So, sure we will get back to telling you all about the Chicago Loop project, which by the way was really incredible.


So check out our Kickstarter page there are some really great rewards we have designed.


Thanks for your support, really, any amount will really help the project out.


...royce and tali...

Wednesday, May 23, 2012

March 17th


Tali's Silver Bullet from O'Hare.
As the tale goes, Tali was whisked off the plane onto the L train and taken directly to the venue in Chicago's Loop where she would literally hit the ground running since March 17, 2012 is the day she landed and it is the day that we were officially kicking off The COLORboration Project - Loop.


How it all started.
It's all true, the space at 208 S. Wabash had been quickly transformed from a cramped gallery to something a lot more expansive. Thanks to the help of good friend and shlepping buddy Rick Neuhaus walls were moved and stages rearranged and painted just in time for Tali's arrival.  We she walked in the door the place actually sort of looked like a gallery and the buzz was on since we only had a couple hours to get things together for the first evening of many live painting with live music sessions.


Pretty much a proper gallery.
Do I need to remind you that March 17th is St. Patrick's Day, and if you know any thing about Chicago other than Al Capone, you will know that St. Patty's day is pretty much a no holes barred sort of a day that actually really gets started somewhere around the 10th. So the energy was high in the city as well as the venue.


St. Patty's Day revelers.
We started off mellow with the music of mitre, aka Scott Richardson. Interestingly enough we worked with Scott last year on the last day of our Colorboration Project in Logan Square. His atmospheric guitarscapes were a good way to ease on into the first night of this project.

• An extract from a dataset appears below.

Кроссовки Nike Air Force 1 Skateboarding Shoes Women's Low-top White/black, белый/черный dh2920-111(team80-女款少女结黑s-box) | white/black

Tali with her first painting of the project and the maker of the music, Scott Richardson
As Scott's set was winding up slowly the rhythms of Rick Neuhaus's near hemisphere were layered into the guitar of miter. First with hand claps and until most of near hemisphere which by now was all in the audience were beating on something.

near hemisphere
A minimal stage change up also changed the rhythms about 180º too. near hemisphere play a very special version of West African influenced beats. But more than that Mr. Neuhaus has taken these West African sensibilities and made them his own with lyrics that we can all pretty much latch on to but maybe not totally understand. Let's say this band has fun and by the end of the set everyone in the room is having fun too.


near hemisphere
Now, before all we do is talk about the music, which does by the way mean a lot to us, we want to talk about the paintings that we did. Like was mentioned earlier the change up between the first set and the second set was so definiate that it was obvious in Tali's art. She painted two separate paintings that night, while Royce painted on the same panel all evening.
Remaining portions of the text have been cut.